▶ [How to complete this task]
Reproduce the entries below exactly, but only from the line containing "一物一拍 凌霄花四季爬藤植物耐热耐寒" to the line containing "湖北省科教处领导到丹江口市柑橘试验站检查基地示范项目", inclusive.

'''

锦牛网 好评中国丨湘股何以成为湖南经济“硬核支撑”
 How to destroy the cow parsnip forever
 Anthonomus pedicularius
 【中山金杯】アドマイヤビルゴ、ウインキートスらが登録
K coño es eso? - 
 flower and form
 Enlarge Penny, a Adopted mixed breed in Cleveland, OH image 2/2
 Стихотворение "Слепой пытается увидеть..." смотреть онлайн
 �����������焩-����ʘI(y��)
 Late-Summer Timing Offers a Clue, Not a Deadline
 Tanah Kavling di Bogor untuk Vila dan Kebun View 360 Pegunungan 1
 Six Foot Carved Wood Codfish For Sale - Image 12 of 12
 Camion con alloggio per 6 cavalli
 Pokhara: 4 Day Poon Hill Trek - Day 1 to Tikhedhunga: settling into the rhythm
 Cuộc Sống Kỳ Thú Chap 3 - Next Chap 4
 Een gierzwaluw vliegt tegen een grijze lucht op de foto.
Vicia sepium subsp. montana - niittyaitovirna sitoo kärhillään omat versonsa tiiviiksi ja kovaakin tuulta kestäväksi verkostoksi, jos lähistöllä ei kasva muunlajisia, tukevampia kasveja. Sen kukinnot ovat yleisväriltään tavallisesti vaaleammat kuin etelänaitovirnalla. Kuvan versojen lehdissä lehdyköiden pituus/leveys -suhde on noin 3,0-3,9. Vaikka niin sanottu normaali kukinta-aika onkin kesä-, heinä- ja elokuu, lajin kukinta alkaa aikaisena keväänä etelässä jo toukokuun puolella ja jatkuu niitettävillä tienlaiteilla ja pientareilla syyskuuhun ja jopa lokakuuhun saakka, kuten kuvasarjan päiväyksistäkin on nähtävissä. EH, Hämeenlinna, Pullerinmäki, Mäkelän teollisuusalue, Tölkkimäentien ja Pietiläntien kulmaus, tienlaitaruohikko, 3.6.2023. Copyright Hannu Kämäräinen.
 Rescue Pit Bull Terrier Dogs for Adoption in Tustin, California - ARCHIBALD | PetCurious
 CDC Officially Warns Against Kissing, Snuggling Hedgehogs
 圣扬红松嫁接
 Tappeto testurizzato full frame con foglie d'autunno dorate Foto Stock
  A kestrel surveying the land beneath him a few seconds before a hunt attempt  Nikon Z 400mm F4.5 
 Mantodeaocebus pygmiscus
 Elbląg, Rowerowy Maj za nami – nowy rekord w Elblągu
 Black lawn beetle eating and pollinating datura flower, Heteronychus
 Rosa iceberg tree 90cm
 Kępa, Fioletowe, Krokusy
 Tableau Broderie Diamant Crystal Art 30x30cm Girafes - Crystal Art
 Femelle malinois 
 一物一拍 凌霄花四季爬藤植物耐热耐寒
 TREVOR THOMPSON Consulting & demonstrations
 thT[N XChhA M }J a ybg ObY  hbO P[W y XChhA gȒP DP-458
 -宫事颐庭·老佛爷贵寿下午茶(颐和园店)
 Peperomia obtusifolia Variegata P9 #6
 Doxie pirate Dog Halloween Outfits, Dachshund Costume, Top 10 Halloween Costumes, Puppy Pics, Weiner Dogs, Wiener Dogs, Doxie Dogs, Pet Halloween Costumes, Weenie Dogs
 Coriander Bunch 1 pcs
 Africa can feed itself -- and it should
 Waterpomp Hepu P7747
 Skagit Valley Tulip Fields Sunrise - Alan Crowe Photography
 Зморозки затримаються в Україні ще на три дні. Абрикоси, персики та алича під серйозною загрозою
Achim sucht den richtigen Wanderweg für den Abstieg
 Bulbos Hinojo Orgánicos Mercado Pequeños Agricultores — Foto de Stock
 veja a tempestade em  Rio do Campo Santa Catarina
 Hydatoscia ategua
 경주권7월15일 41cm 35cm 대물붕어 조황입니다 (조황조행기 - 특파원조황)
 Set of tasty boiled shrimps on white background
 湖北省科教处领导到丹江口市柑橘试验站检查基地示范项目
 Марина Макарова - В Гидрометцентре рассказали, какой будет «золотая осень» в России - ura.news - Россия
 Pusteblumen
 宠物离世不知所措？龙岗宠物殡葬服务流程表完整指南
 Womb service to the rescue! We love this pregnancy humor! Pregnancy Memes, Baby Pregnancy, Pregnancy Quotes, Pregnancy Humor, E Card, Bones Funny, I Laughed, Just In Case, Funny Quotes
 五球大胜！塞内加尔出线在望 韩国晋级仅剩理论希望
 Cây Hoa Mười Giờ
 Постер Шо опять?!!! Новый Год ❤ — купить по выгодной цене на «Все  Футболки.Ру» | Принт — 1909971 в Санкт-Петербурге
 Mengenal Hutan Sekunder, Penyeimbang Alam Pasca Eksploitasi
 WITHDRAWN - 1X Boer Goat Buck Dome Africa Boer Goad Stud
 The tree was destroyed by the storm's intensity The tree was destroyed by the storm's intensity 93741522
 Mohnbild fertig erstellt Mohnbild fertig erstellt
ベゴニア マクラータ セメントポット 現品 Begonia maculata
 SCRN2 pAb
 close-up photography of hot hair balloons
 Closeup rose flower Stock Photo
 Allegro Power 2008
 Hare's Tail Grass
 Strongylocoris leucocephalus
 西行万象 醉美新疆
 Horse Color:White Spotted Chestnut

'''

▶ [Task result]
 一物一拍 凌霄花四季爬藤植物耐热耐寒
 TREVOR THOMPSON Consulting & demonstrations
 thT[N XChhA M }J a ybg ObY  hbO P[W y XChhA gȒP DP-458
 -宫事颐庭·老佛爷贵寿下午茶(颐和园店)
 Peperomia obtusifolia Variegata P9 #6
 Doxie pirate Dog Halloween Outfits, Dachshund Costume, Top 10 Halloween Costumes, Puppy Pics, Weiner Dogs, Wiener Dogs, Doxie Dogs, Pet Halloween Costumes, Weenie Dogs
 Coriander Bunch 1 pcs
 Africa can feed itself -- and it should
 Waterpomp Hepu P7747
 Skagit Valley Tulip Fields Sunrise - Alan Crowe Photography
 Зморозки затримаються в Україні ще на три дні. Абрикоси, персики та алича під серйозною загрозою
Achim sucht den richtigen Wanderweg für den Abstieg
 Bulbos Hinojo Orgánicos Mercado Pequeños Agricultores — Foto de Stock
 veja a tempestade em  Rio do Campo Santa Catarina
 Hydatoscia ategua
 경주권7월15일 41cm 35cm 대물붕어 조황입니다 (조황조행기 - 특파원조황)
 Set of tasty boiled shrimps on white background
 湖北省科教处领导到丹江口市柑橘试验站检查基地示范项目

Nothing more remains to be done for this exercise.